オープンの告知チラシを作る段階になっても、まだ社名や店名が決まらないことがあります。でも後で変更すると再度オープンのやり直しになるので、納得しないまま開店はできません。

自分の名前を入れて株式会社○○商店とするのは登記上は問題ありません。しかしありふれた名称は商標権の登録ができないので、近所に同じ名前の競合が現れた時に問題となります。その他にもうっかりしていると落とし穴がありますので、注意が必要です。

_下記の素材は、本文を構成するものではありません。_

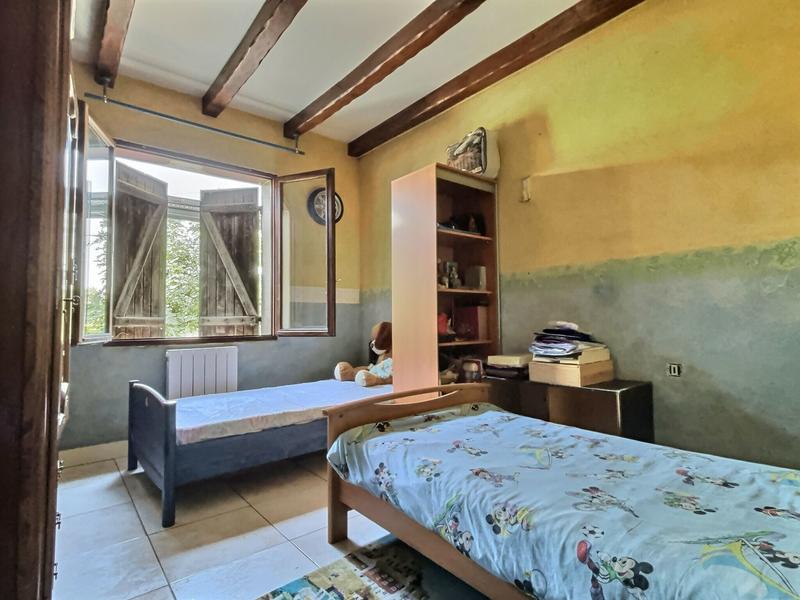 Maison - 257 m² - 9 pièces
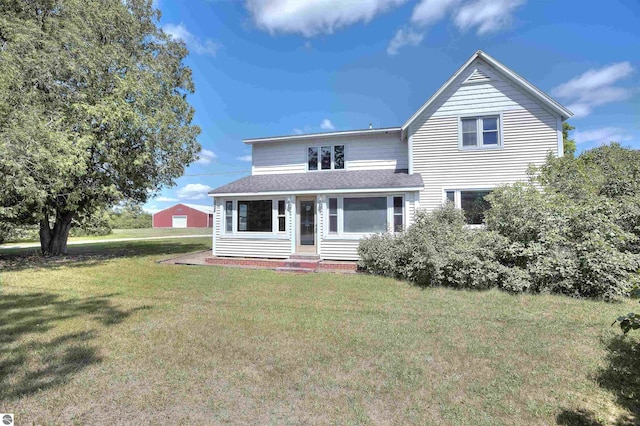 view of front of home featuring a front lawn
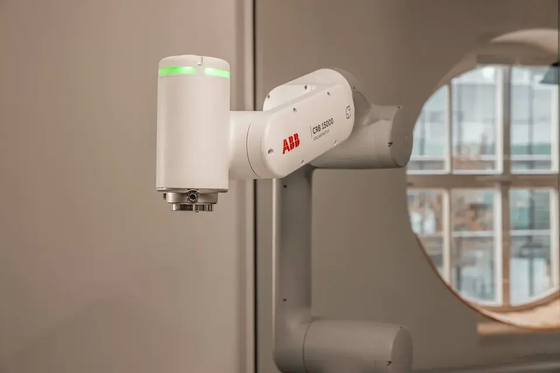 ABB GoFa CRB15000 Cobot con il tipo elettrico robot di collaborazione della pinza di presa 2-Finger di SMC di LEHF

会社・店舗の登記と、社名・店名の商標登録は別物です。会社を設立する場合、会社の名前=商号を登記する必要があります。新会社法では、設立する会社と同じ住所に同一の商号が無ければ、好きな商号を登記することが可能です。極端な話ですが、住所さえ違っていれば隣接する企業と同じ商号を登記できるのです。しかし、好きな商号を登記できるからといって、商標の権利侵害を免除されるわけではないのです。
相手企業側が商号についての商標権を取得していた場合、ある日突然、警告書が送られ、忙しさのあまり無視していると商標権の侵害で訴えられることとなります。開店後の商号の変更は、看板、表札、名刺等が作り直しとなり、かなりの痛手をこうむることとなります。
また、逆の立場に立たされることもあり得ます。近所に同じ業種の同じ名前の店がオープンした場合、すぐに警告すべきですが、商標権を取得していなければやっかいなこととなります。先に営業を開始して、周知されていることを証明する必要があるのです。最悪の場合、相手が先に商標権を取得してしまったら、自店の商号を変更せざるを得なくなります。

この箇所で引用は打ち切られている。